__REQUIRED ACTION__.
Wherever a picture sits, omit it. Output the rest of the listing exactly.

__RECORDS SHOWN__.
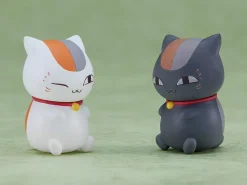 Natsume Yujin-cho - Takashi Natsume & Nyanko Sensei Nendoroid / Traditional Clothing Ver.: Orange Ro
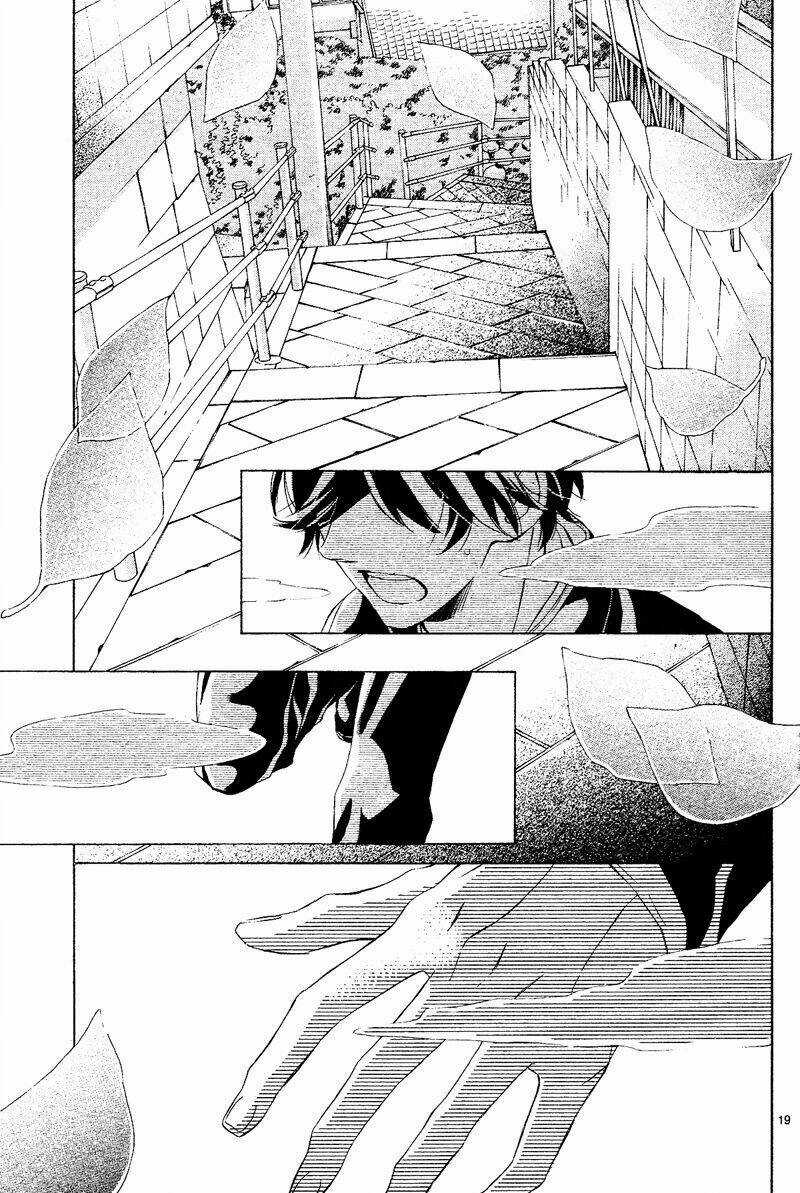 Sunrise Chapter 3 trang 18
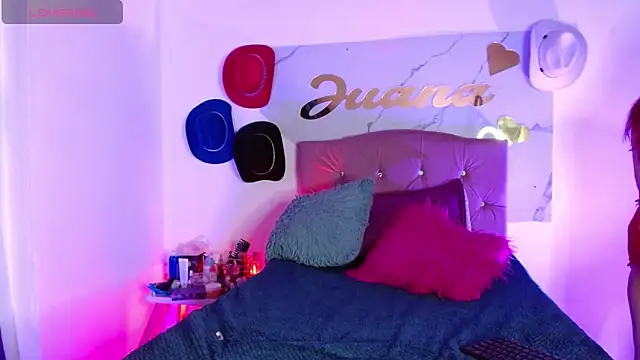 juanitared online show from 04-09-26, 12:34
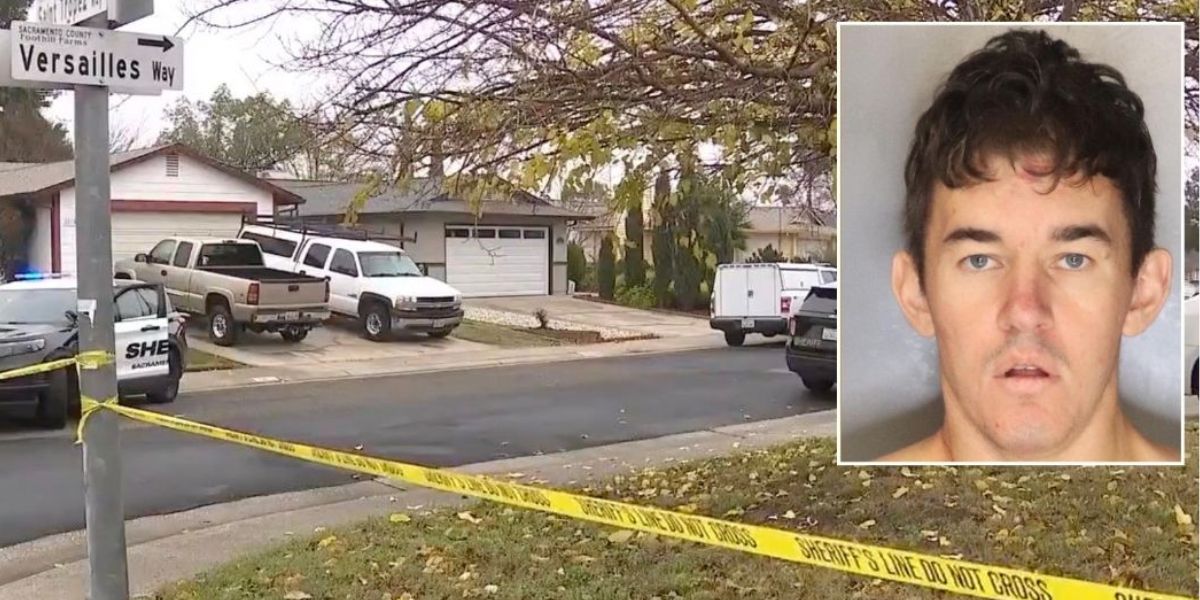 Police California Father Beheaded 1-year-old Son After Wife and Mother-in-law Left After Violent Dispute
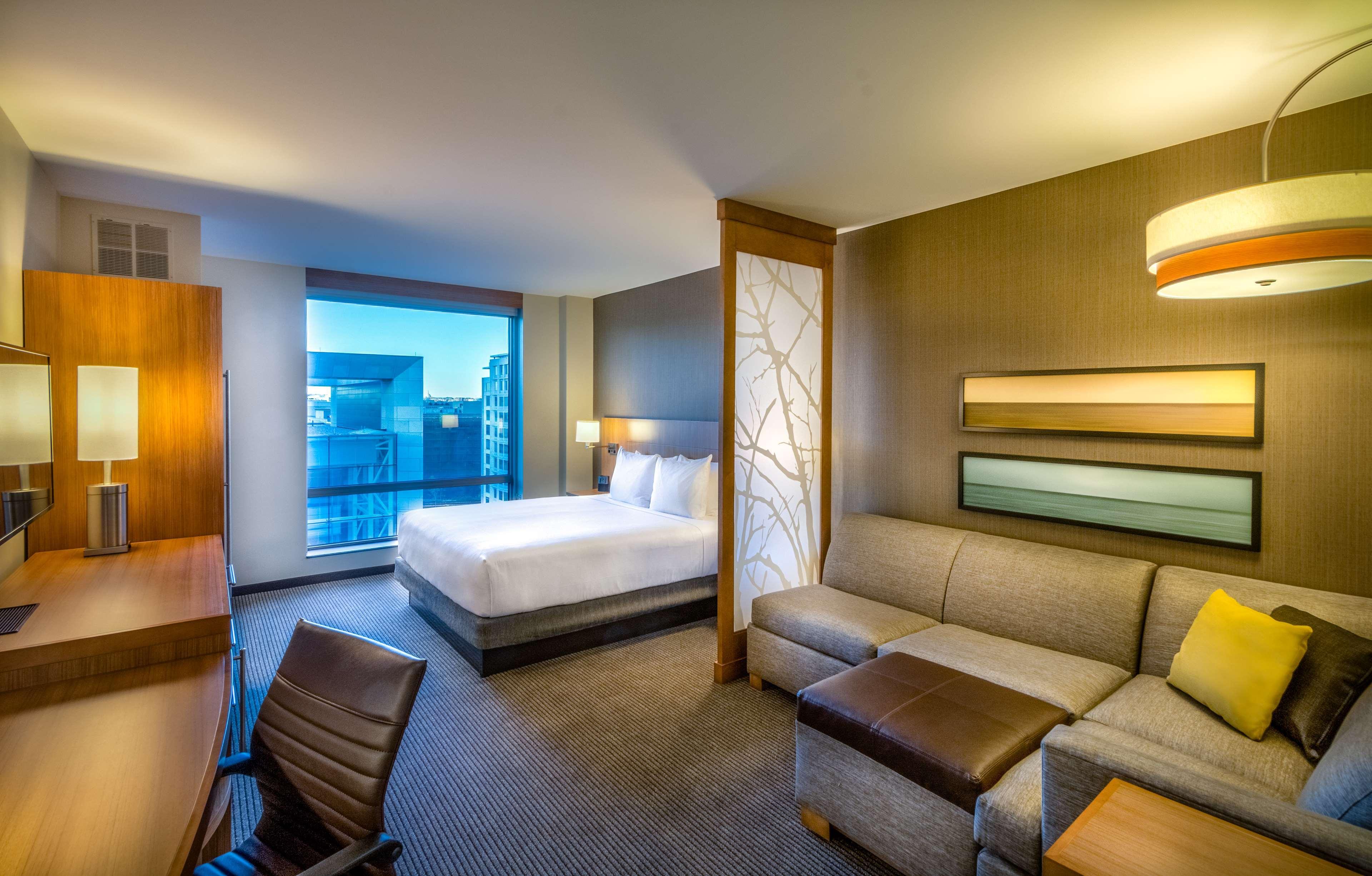 Hyatt Place Washington D.C./National Mall Esterno foto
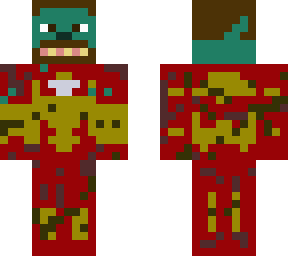 zombie ironman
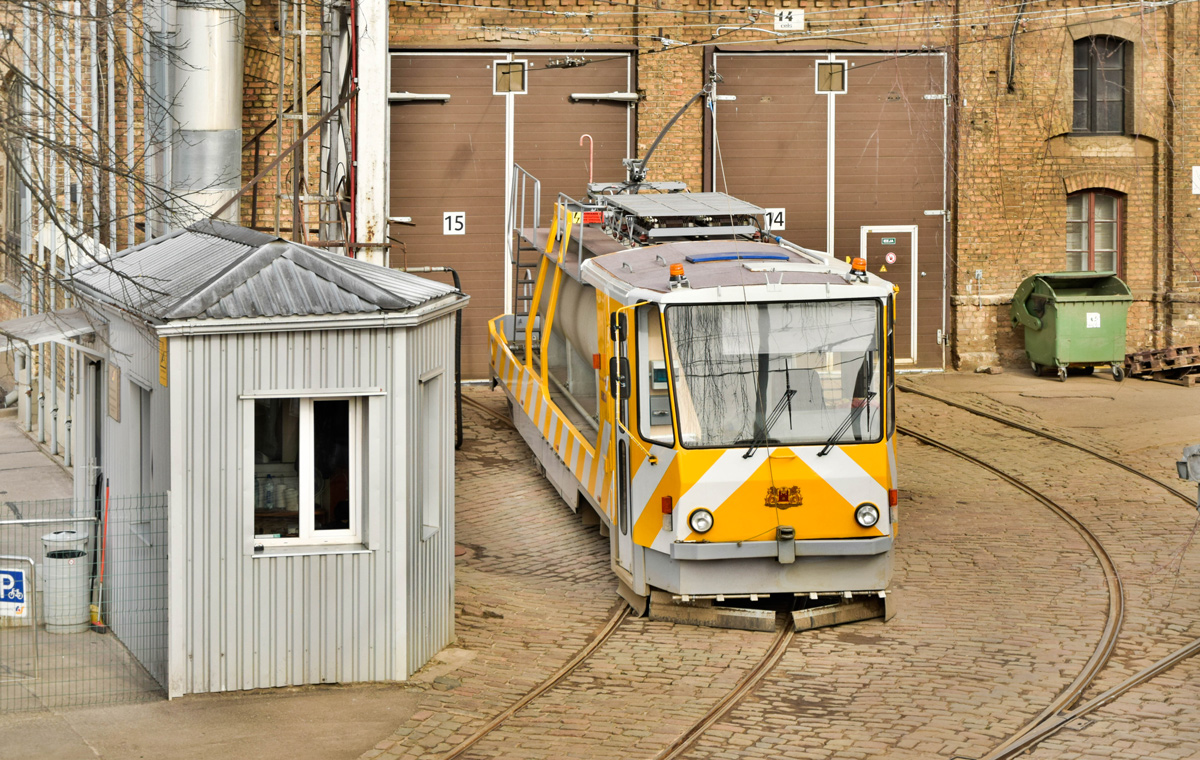 Рига, Tatra T6B5SU № 88024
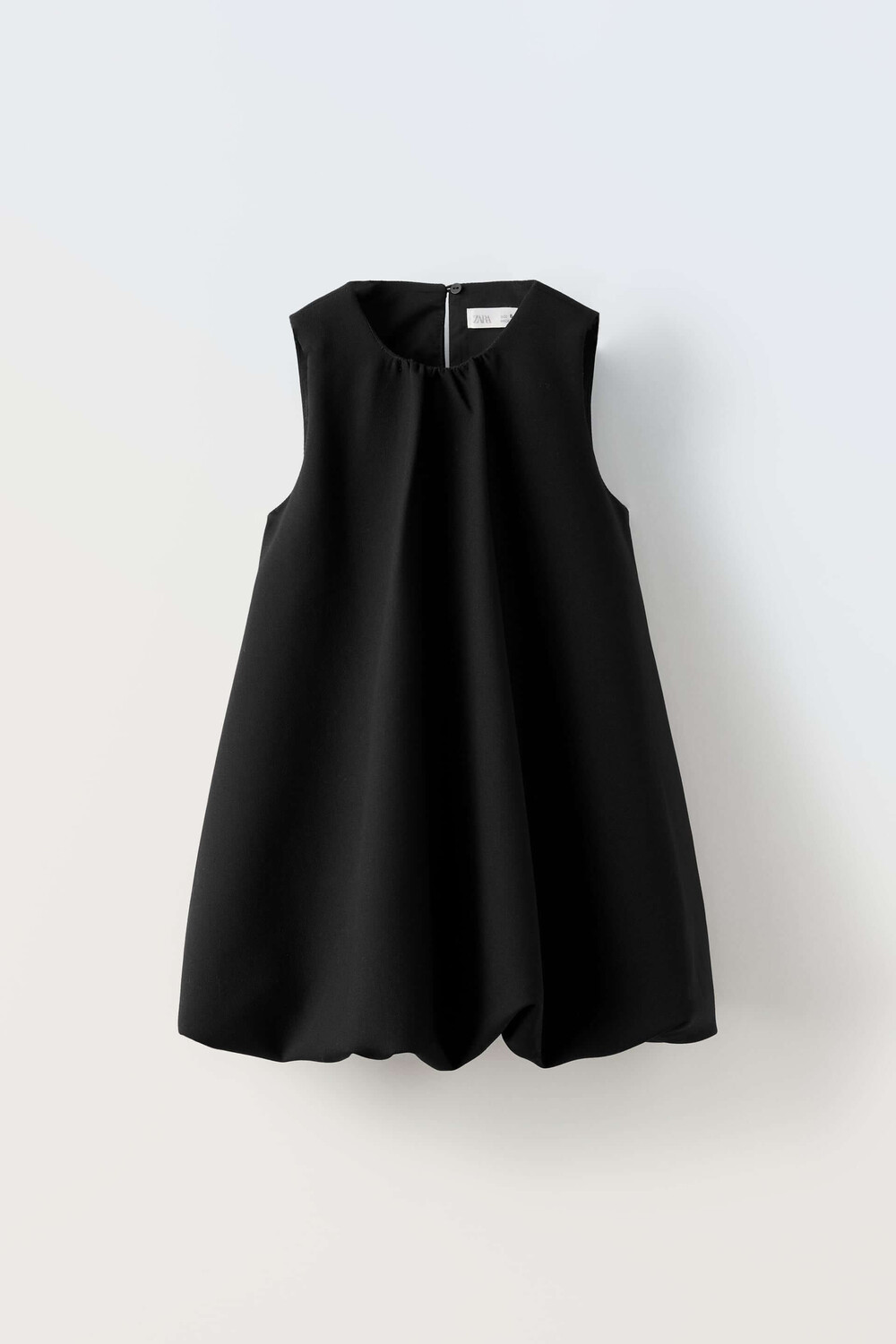 

Платье для девочки Zara Balloon, черный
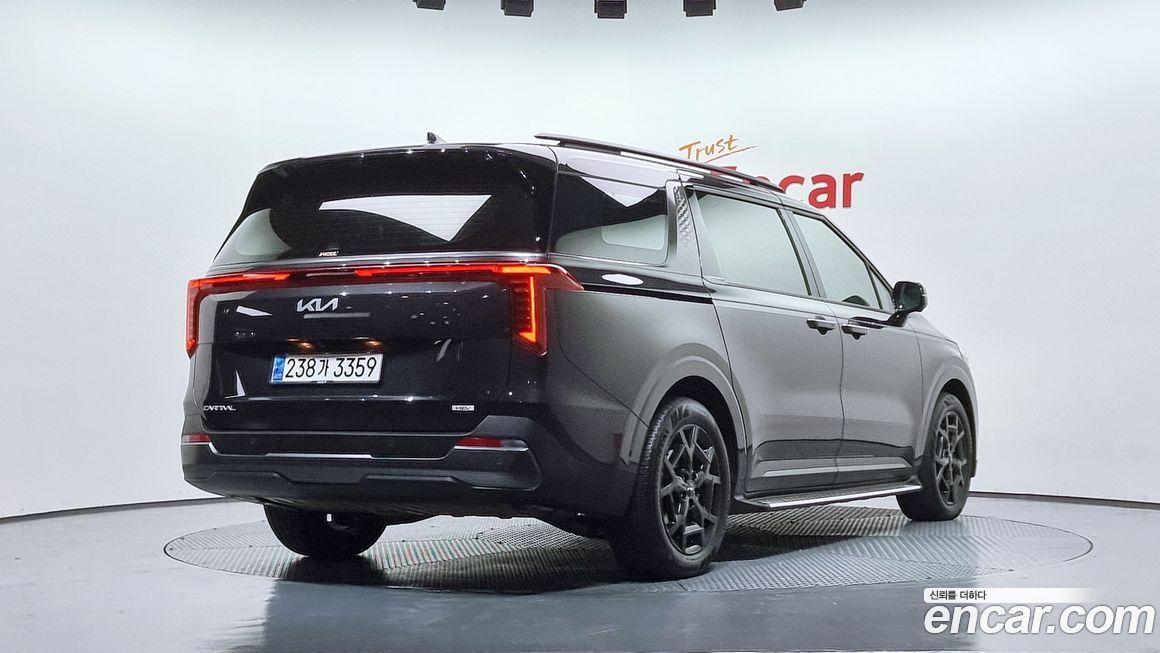 Kia Canival 2025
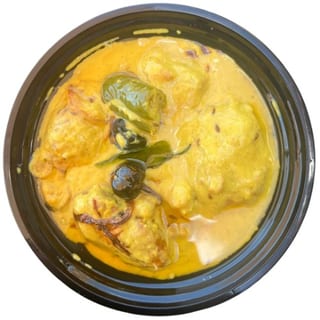 Pakora Curry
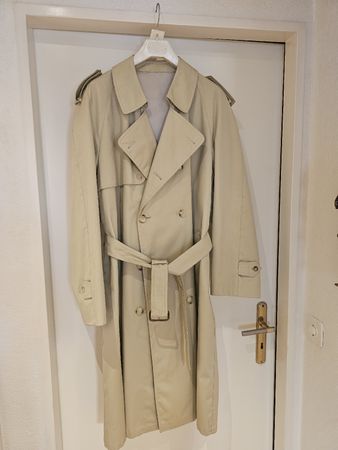 Manteau pluie Yves Saint Laurent Taille 54
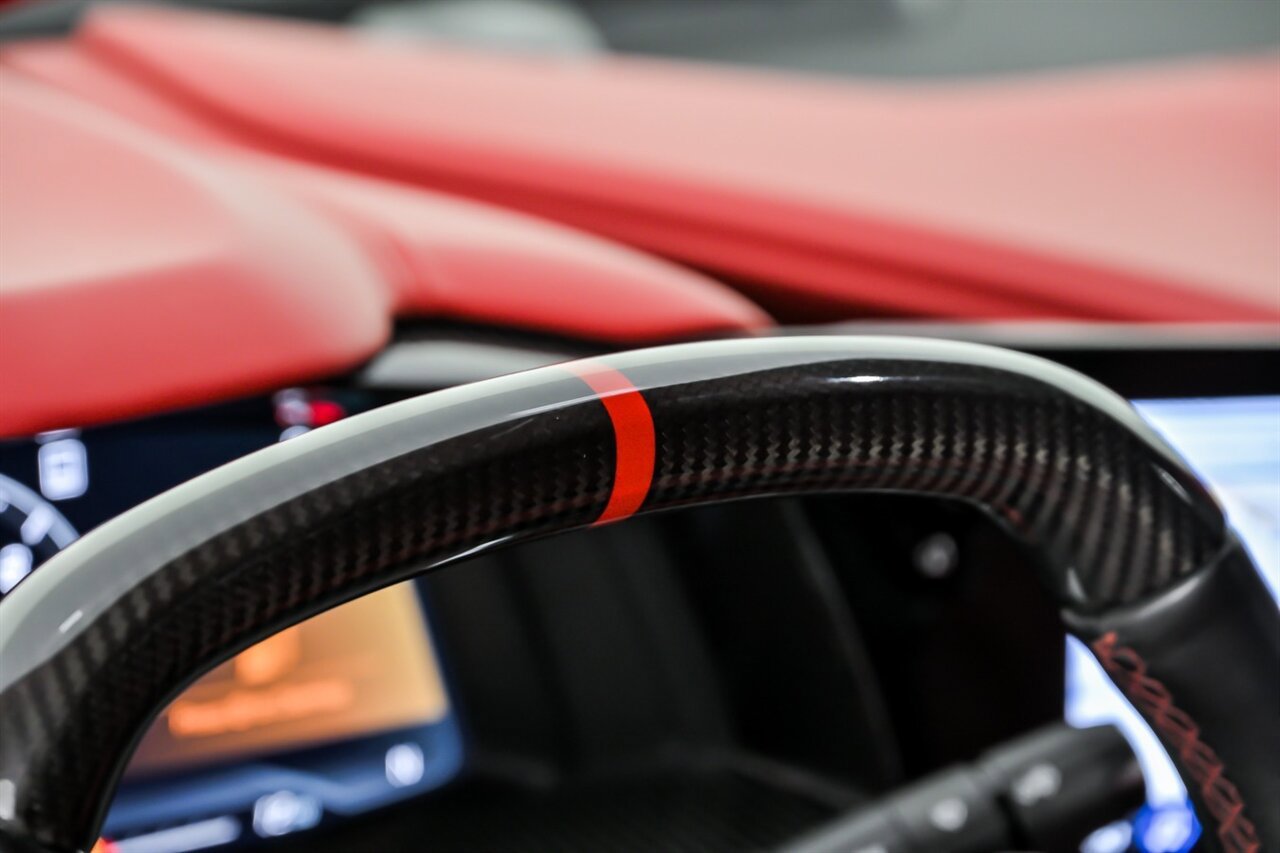 Used 2023 Chevrolet Corvette Z06 RWD image 29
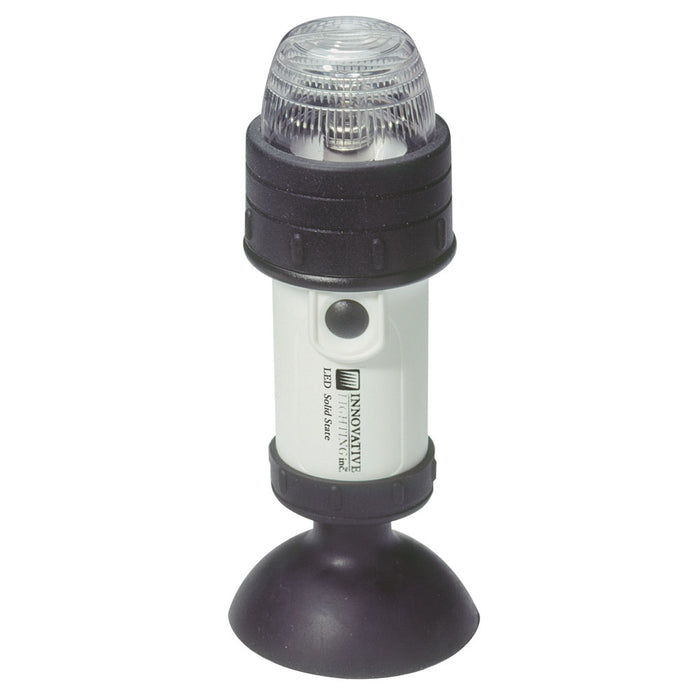 Innovative Lighting Portable LED Stern Light w/Suction Cup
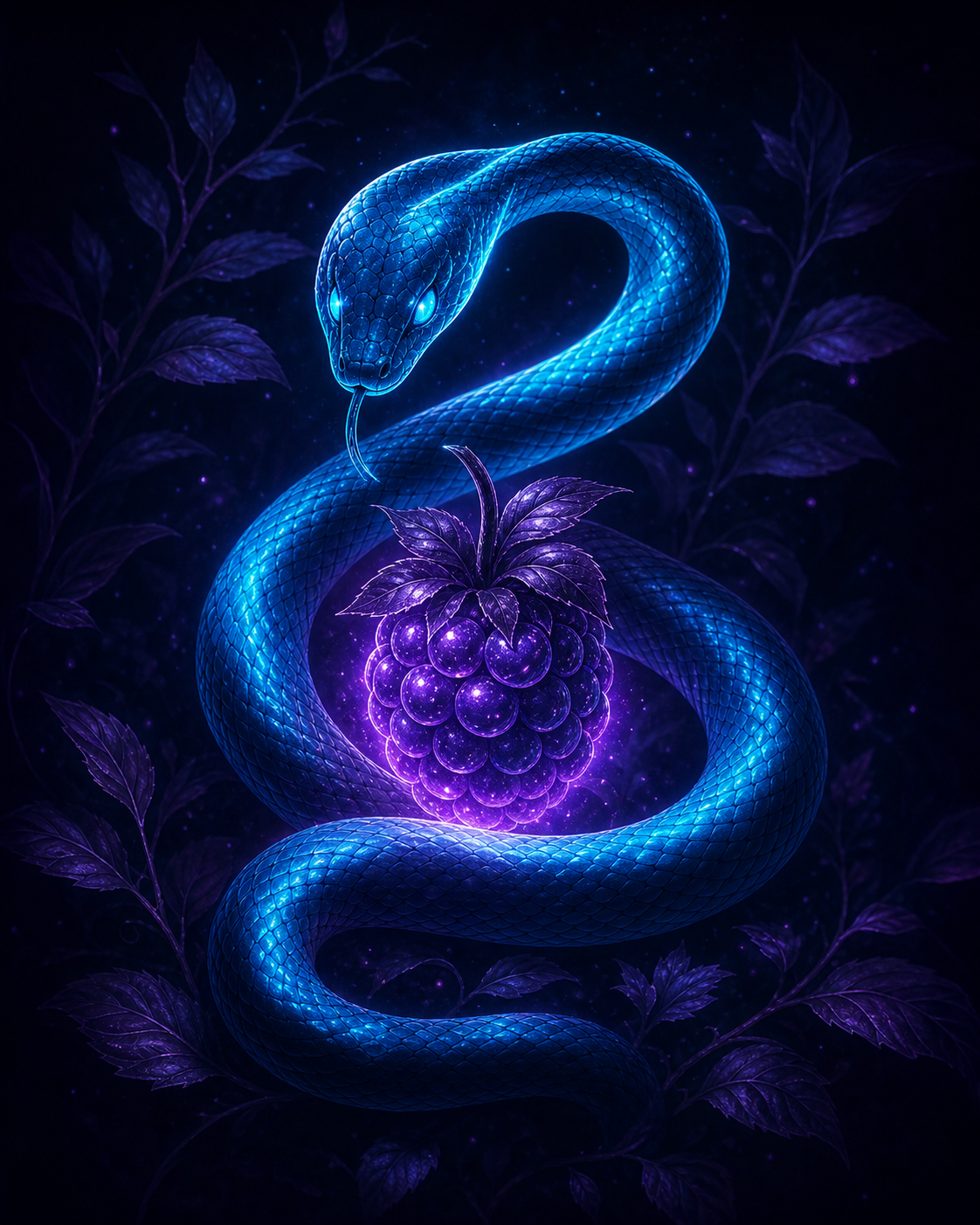 Copertă Snake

__EXERCISE RESPONSE__.
 Natsume Yujin-cho - Takashi Natsume & Nyanko Sensei Nendoroid / Traditional Clothing Ver.: Orange Ro
 Sunrise Chapter 3 trang 18
 juanitared online show from 04-09-26, 12:34
 Police California Father Beheaded 1-year-old Son After Wife and Mother-in-law Left After Violent Dispute
 Hyatt Place Washington D.C./National Mall Esterno foto
 zombie ironman
 Рига, Tatra T6B5SU № 88024

Платье для девочки Zara Balloon, черный
 Kia Canival 2025
 Pakora Curry
 Manteau pluie Yves Saint Laurent Taille 54
 Used 2023 Chevrolet Corvette Z06 RWD image 29
 Innovative Lighting Portable LED Stern Light w/Suction Cup
 Copertă Snake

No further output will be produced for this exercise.